Yes, you can withdraw your 401(k) assets in a lump sum. The question I would ask is why you would want to do this. You would owe income taxes on the entire amount at one time. The most logical thing to do is to roll your 401(k) into an IRA, thus deferring taxes on that part of your 401(k) saving your don’t need for supplemental income in retirement.
If you have an employer, you will probably not be able to have a Solo 401(k). These are generally restricted to solopreneurs, business owners with no employees, self-employed contractors, etc.
You could look into an IRA (or ROTH IRA), though the contribution limits could be limited by the plan offered by your employer.
You could also open a taxable portfolio; one intentionally structured so as to minimize active trading. You would fund this with after-tax dollars (just like a ROTH IRA), but there would be no limit to what you put in. And with proper planning and management, your account would not be taxed until you cashed out. If this was down the road, you would be creating an event in which your withdrawals would be taxed as long-term capital gains and not ordinary income.
What are the bullet points?
1. No. You probably cannot open a Solo 401(k).

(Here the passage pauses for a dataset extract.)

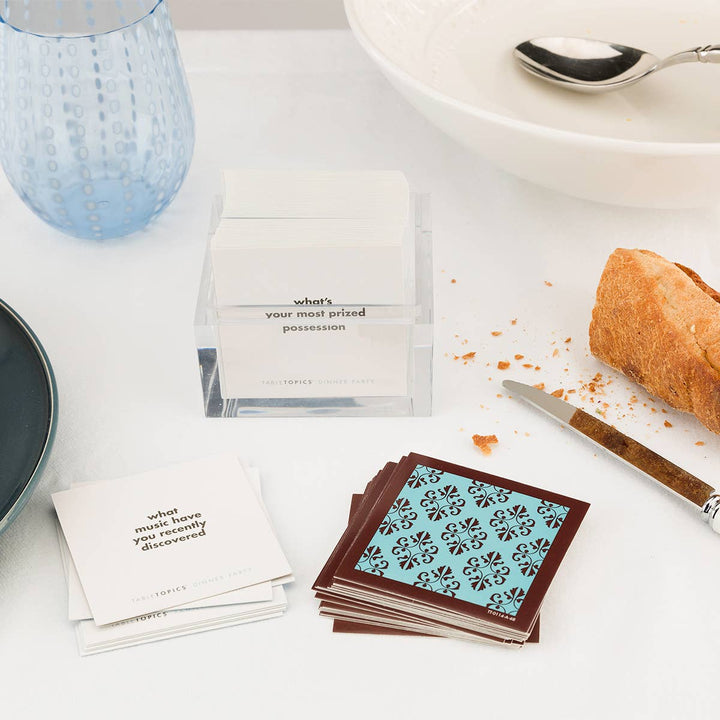 Tabletopics Dinner Party | Conversation Starter Questions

2. Maybe. You should look at a ROTH IRA first, to ensure the most tax efficient manner to withdraw funds. If your salary is too high, then look at a traditional IRA, knowing that you'll pay taxes on the withdrawal and be funds would be taxed as ordinary income (which could also put you in a high tax bracket).
3. Yes. You can open a taxable account and the withdrawal would likely be taxed as a long-term capital gain.
Techinically, you can withdraw all of your funds in a lump sum. Do you mean lump sum to roll-it over to an IRA or to just withdraw the funds into a bank account. If it's the ladder, it is not recommended for tax purposes, and if you are under 59.5 for penalty purposes. I will also say that another disadvantage of taking out of the 401k is that you will also miss out on deffered growth. If you don't need the money because you can live off your pension then invest your Solo 401k accordingly and let it grow. If you meant that you wanted to roll-it over to a Traditional IRA, then that works in terms not getting taxed or penalized. Not sure how your Solo 401k is set up or through who, so tough to give pros and cons on that. However, you would have to understand your Solo 401k platform to see if it still fits your needs.